Even with a $13.5 million operating budget and one of the largest contemporary art collections in the United States, the Museum of Contemporary Art, Los Angeles (MOCA), toiled to draw crowds in 2001. Competing against a variety of entertainment destinations in Los Angeles County that ranged from beaches to baseball games, along with other museums, MOCA's recently appointed director Jeremy Strick wanted to surpass the previous year's 500,000 MOCA visitor count. Hoping to boost awareness of the museum throughout Los Angeles County, MOCA released "Labels," the largest advertising campaign in its 21-year history.

The $1 million campaign, created by the Los Angeles office of ad agency TBWA\Chiat\Day, first appeared on January 1, 2001. The core of the campaign consisted of 61 billboards across Los Angeles County that featured black copy on white backgrounds. The billboards' copy parodied the description labels that appeared beside artworks in museums. Each billboard featured a message relevant to its surroundings. Above a restaurant's valet parking service, for instance, one billboard's title read, "Men Running with Keys, 2001." Below the title it listed the "medium" as "Restaurants, thick-soled shoes, paper tickets with red ink / Collection of the Museum of Contemporary Art." Similar advertisements appeared across Los Angeles newspapers, outdoor posters, dry-cleaning hangers, and radio spots. The campaign's three television spots featured titles such as "Husband and Wife on a Sofa, A Study of Still Life, 2001," "Remote Control, 2001," and "The Demise of Culture, 2001." The campaign lasted for six months.

Some critics felt that the billboards' message was misunderstood and required too much reading; others disliked them completely. As Los Angeles Times writer Christopher Knight explained, "Artists tell me that they hate the MOCA campaign." Nonetheless, the advertising community showered it with praise. Advertising Age's Creativity awarded "Labels" with one of the magazine's annual Creativity Awards in 2001. The campaign was one of the most awarded entrants for the 2001 annual International ANDY Awards, where it collected a Gold ANDY and 10 Silver ANDYs.

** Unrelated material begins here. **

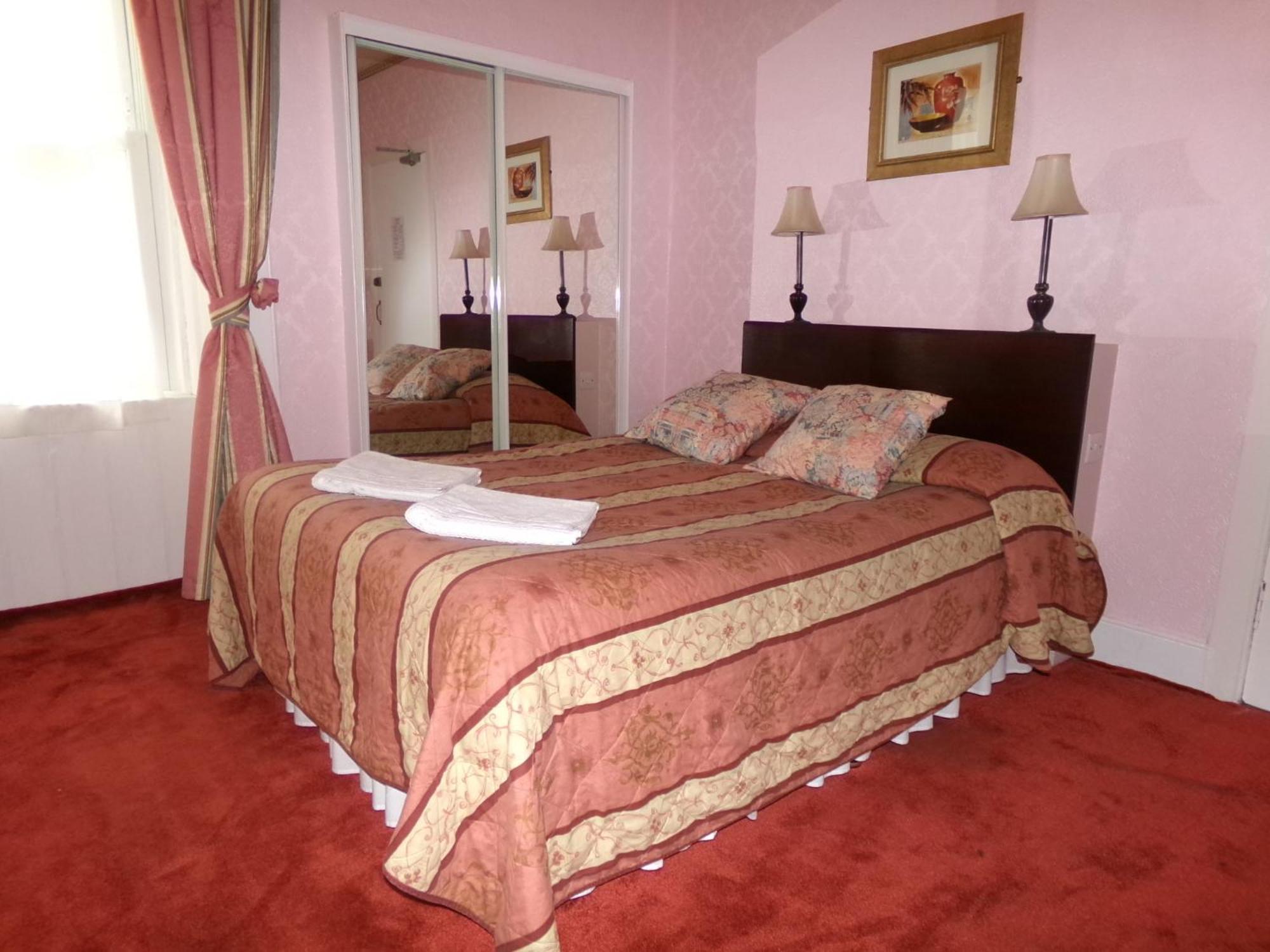 Pensión Averon 3*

In 1999 Jeremy Strick was appointed the director of MOCA, one of America's largest contemporary-art museums, with a staff of 130 people, 13,000 paying members, and an annual attendance of 450,000. Because Strick had only been a curator at his previous post at the Art Institute of Chicago, many critics denunciated the new director for his lack of administrative experience.

To establish himself as an apt leader, in 1999 Strick opened a MOCA retrospective exhibition of the commercial artist Barbara Kruger's work. Kruger was famous for printing pithy comments such as "I shop therefore I am" upon images of women. Not only did the Kruger exhibition generate wide acclaim, but Los Angeles critics were also impressed by the show's attendance. The show also led to the addition of 1,700 new MOCA members. Strick strategically asked Kruger, whose résumé included working as head designer for Mademoiselle magazine, to create the show's advertising. "She developed print ads with us and also radio ads," Strick was quoted by the Los Angeles Business Journal: "We see this as a way of both getting the word out about MOCA and the exhibition and bringing art into new and different public spheres … The show's been well attended and people seem very aware of the campaign. It's stirred up some interest and a little controversy, too. That's great."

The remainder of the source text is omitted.